Tomás, personaje principal de Matías (1958), texto de Fernando Ponce de León y considerada una de las mejores novelas del siglo XX según la Biblioteca Luis Ángel Arango, está encerrado bajo la tesis del mal como un elemento legitimado por Dios. Su ceguera desde pequeño lo lleva a descubrir la condición de la naturaleza humana bajo una constante sed de venganza disfrazada de curiosidad e inocencia. A partir de allí, la novela cuestiona las costumbres y advierte los riesgos de absolutizar las normas y la moral en una sociedad influenciada por las pasiones y la maldad.

Campo Elías, excombatiente de la Guerra de Vietnam, es el personaje principal de Satanás (2002), novela con el que el autor bogotano Mario Mendoza relataría la masacre del restaurante Pozzeto, en el cual 30 personas serían el fatídico desenlace de una mente que no sanó las secuelas de la guerra en una sociedad caótica y negligente como la bogotana. Sumidos por el afán y el ritmo frenético, personajes como Campo Elías terminan por sumergirse en pequeños extramuros o suburbios donde la locura se vuelve cómplice de la soledad y el silencio de los pensamientos más profundos de los personajes.

De Mario Mendoza y sus narrativas del ‘realismo degradado’ que yacen en el Centro de la ciudad, podríamos devolvernos varias décadas atrás, hasta llegar a Sin remedio (1984), novela de Antonio Caballero que también nos transporta a una Bogotá en la que las historias son una especie de oxímoron entre lo que es demasiado humano y lo que a su vez simboliza la manera en que hemos deshumanizado a las personas a través de la exclusión y la apatía que acompañan la cultura de la guerra.

Por medio de la lucidez de un personaje como Ignacio Escobar, poeta mordaz e incómodo con su entorno, Caballero expone a una Bogotá que se debate entre la comodidad de una clase alta que enarbola los discursos de una izquierda en aparente auge y las condiciones infrahumanas que son el reflejo de una sociedad corrupta que normaliza y poco se escandaliza viendo a niños que en lugar de escarbar su alegría entre juguetes lo hace entre la basura esperando encontrar algo de comer. Así mismo, los focos de violencia, prostitución y exclusión se asoman ante la perspectiva de un poeta que choca de frente con el desamparo de una ciudad marginada por un lado y cómoda e indiferente por el otro.

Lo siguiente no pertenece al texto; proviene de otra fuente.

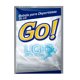 thumbnail image 2 of Jugo en Polvo Light Blue Sobre, 8 g, 2 of 4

Lejos de esos submundos pero cercanos a los traumas de Bogotá, los libros que se han escrito sobre sucesos como ‘El Bogotazo’ u otras jornadas recordadas nos muestran una ciudad despojada de sí misma, en la que la ira y el rencor se apropian de cada esquina y acechan a todos aquellos que se muestren pasivos y resilientes a los momentos más álgidos de la historia. Asesinatos que ponen en vilo la estabilidad de la ciudad, que crean el escenario ideal para fomentar el misterio y la sospecha en la atmósfera hacen de la literatura un espejo que señala el perfil del ciudadano bogotano que, influenciado por la inseguridad y las traiciones, observa con sigilo y recelo todo aquello que sucede a su alrededor.

La Trilogía de Miguel Torres la componen El crimen del siglo (2006), El incendio de abril (2012) y La invención del pasado (2016) o la autobiografía de García Márquez Vivir para contarla (2002), son textos que no están situados en escenarios marginales, sin embargo, las narraciones de ambos autores fortalecen, no en su totalidad pero si en algunos fragmentos, el imaginario de una ciudad que, por la fuerza e importancia de sus acontecimientos, ha merecido ser reconocida y reescrita por su valentía y su capacidad de asumir el rol de afrontar giros históricos que han determinado nuevas costumbres, nuevas culturas y nuevos retos que transforman constantemente la imagen de Bogotá.